J'ai eu honte. Honte de moi.

Je me suis mise en colère. Une colère noire, virile, une colère qui avale tout. Quand j'y repense, le rouge me monte aux joues.

Pourtant, ce n'était rien de grave, une banale histoire comme il y en a tant.

Avril 2008, il fait beau, l'air est doux, chaud. Ça sent le printemps. Je rentre dans un magasin d'électronique pour acheter un lecteur MP3. Le soir, chez moi, je n'arrive pas à le faire fonctionner.

 

Le lendemain, je retourne au magasin, facture en main. Le lecteur est défectueux, j'en demande un nouveau. Non, me dit le vendeur, vous devez téléphoner au 1-888-samsung.

Je le regarde, éberluée. Le magasin est responsable, dis-je. Non, insiste le vendeur, appelez Samsung. Un dialogue de sourds. Je m'énerve, il s'énerve, j'exige de voir le gérant, qui arrive, sourcils froncés.

Re-dialogue de sourds. On brasse les mêmes arguments, on tourne pathétiquement en rond, le ton monte, je m'éneeerve, il s'éneeerve. Rien à faire, je frappe un mur. Je suis tellement frustrée que je fais le tour du magasin en disant (criant?) aux clients de ne pas acheter ici.

Le gérant fulmine, il trottine derrière moi en m'exhortant à quitter immédiatement son magasin, mais je ne l'entends pas, trop prise par ma colère.

Mon copain fait semblant qu'il ne me connaît pas. Il regarde le plafond, les mains dans les poches. Ça me rend encore plus furieuse. Imaginez le reste.

Même si cette histoire s'est déroulée il y a deux ans, elle me colle toujours à la peau. Je savais que j'avais raison, ma colère était légitime, sauf que j'ai dérapé. Je me suis sentie coupable. Ridicule et coupable.

Est-ce qu'un homme aurait ressenti le même sentiment de culpabilité? Aurait-il, lui aussi, dérapé? Est-ce que la colère s'exprime de la même façon chez l'homme et la femme?

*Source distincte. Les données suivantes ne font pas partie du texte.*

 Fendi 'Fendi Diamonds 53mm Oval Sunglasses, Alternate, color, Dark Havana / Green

«Non, explique un psychologue, Hubert Van Gijseghem. L'homme exprime sa colère de façon plus ouverte, plus physique. Chez la femme, c'est plus indirect et ça passe souvent par la parole.»

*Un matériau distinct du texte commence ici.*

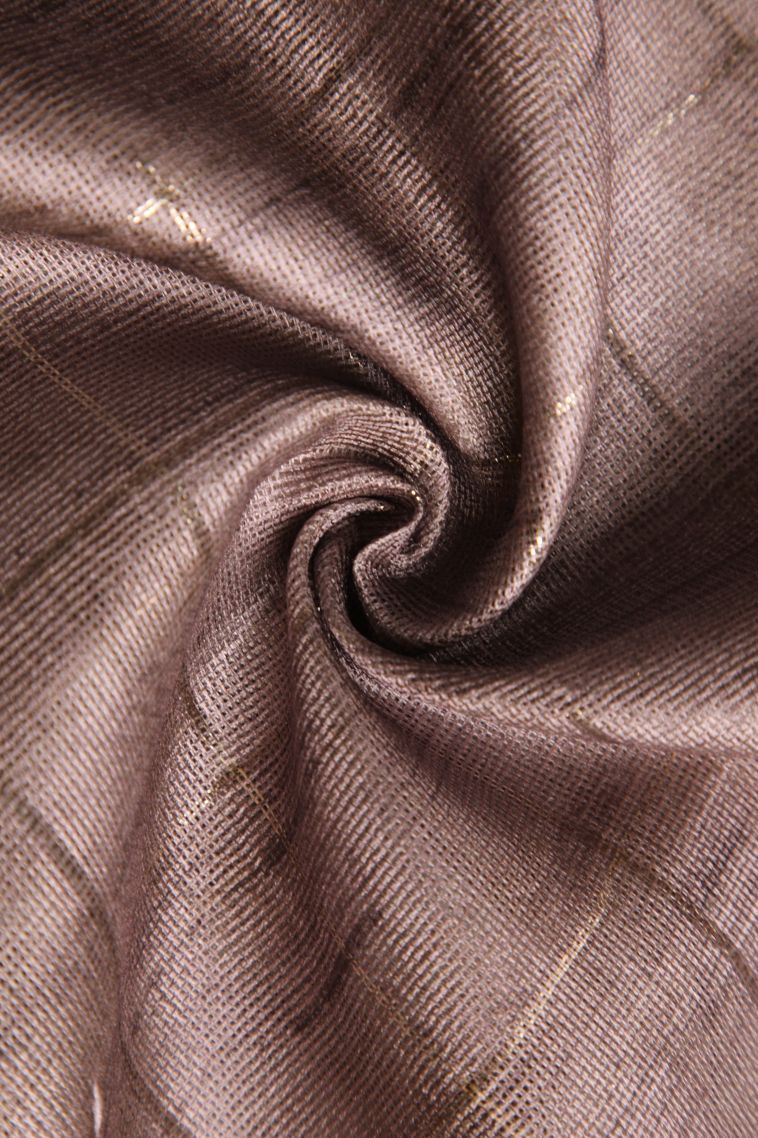 Mauve Purple Jute Sarees with Gold Zari Horizontal Model view 4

En furetant sur Google, je suis tombée sur un article de la féministe Hélène Pedneault qui fait l'apologie de la colère chez les femmes. Ça m'a rassurée.

«Je fais au moins une colère par jour, a-t-elle écrit en 1999, surtout quand j'écoute les nouvelles ou lis les journaux. J'aime la colère. Elle me garde en vie aussi sûrement que l'air, l'eau, l'amour et la littérature.»

«La colère est saine, précise Hubert Van Gijseghem. On ne pourrait pas survivre sans elle. Sans colère, on s'atrophierait.»

Et la colère n'est pas un péché, ajoute-t-il.

Je pense que je vais retourner au magasin d'électronique.